### Work task
Where the records below reach the line containing "Fototapeta premium A", start transcribing, and end with the line containing "De Reiger (Ardea cinerea) plaat uit", exactly and with nothing else added.

Records excerpted from a collection
:::::
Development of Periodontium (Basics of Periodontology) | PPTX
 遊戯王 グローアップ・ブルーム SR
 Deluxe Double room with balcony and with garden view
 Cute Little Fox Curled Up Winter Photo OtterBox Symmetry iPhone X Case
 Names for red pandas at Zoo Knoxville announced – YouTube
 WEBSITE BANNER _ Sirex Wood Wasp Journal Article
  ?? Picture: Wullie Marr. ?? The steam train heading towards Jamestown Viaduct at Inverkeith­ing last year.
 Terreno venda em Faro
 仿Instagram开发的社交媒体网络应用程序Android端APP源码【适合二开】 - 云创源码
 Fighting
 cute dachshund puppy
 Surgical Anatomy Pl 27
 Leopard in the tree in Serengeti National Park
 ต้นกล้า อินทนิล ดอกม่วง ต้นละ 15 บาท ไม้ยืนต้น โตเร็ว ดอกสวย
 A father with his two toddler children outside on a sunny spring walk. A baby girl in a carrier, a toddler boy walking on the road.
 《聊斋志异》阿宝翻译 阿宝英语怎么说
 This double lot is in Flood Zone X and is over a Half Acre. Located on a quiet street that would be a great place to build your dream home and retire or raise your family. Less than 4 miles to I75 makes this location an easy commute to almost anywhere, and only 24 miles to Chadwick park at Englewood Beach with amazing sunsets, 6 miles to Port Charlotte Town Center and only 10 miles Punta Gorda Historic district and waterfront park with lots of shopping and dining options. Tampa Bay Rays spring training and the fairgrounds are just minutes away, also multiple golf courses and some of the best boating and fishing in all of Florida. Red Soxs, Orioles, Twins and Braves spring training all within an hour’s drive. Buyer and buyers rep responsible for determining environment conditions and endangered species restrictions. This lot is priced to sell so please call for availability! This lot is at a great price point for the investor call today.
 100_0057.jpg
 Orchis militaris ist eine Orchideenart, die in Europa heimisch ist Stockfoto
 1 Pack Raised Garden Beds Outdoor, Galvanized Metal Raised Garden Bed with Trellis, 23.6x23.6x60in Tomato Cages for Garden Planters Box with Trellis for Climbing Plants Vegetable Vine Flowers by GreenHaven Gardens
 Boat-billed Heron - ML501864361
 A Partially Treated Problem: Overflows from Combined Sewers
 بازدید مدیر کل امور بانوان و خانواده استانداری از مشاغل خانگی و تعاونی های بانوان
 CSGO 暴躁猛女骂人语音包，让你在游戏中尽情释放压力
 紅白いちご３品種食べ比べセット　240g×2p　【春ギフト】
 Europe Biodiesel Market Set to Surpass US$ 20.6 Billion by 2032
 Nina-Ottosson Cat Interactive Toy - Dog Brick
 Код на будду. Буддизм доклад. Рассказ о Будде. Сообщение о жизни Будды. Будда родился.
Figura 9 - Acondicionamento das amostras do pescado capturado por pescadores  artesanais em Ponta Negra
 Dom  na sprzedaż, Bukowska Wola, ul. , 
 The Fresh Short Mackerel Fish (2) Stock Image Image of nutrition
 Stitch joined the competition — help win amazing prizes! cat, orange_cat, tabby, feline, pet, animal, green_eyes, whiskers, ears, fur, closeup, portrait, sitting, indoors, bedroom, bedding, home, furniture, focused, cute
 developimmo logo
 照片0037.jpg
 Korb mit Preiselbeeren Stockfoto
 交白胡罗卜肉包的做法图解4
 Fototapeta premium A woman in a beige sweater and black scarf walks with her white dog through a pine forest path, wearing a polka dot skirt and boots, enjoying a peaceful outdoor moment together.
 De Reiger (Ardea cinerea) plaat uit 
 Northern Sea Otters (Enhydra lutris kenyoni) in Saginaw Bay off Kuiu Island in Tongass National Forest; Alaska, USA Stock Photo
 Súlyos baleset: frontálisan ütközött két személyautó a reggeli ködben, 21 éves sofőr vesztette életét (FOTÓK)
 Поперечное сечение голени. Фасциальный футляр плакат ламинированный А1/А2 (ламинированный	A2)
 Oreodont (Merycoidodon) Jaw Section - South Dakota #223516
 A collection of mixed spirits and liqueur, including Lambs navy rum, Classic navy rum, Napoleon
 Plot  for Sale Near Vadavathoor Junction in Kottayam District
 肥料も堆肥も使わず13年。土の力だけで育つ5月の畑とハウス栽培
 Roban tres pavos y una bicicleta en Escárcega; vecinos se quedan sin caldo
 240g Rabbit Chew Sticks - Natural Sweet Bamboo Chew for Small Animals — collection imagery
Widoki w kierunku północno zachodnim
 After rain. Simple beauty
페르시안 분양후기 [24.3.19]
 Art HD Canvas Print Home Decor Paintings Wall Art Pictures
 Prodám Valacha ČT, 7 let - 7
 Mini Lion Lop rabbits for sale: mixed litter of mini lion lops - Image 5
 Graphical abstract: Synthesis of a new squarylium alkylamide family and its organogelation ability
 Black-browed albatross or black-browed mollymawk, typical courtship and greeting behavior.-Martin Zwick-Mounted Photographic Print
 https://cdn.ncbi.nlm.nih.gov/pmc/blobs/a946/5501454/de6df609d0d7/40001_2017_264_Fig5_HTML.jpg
:::::
### Reply
 Fototapeta premium A woman in a beige sweater and black scarf walks with her white dog through a pine forest path, wearing a polka dot skirt and boots, enjoying a peaceful outdoor moment together.
 De Reiger (Ardea cinerea) plaat uit 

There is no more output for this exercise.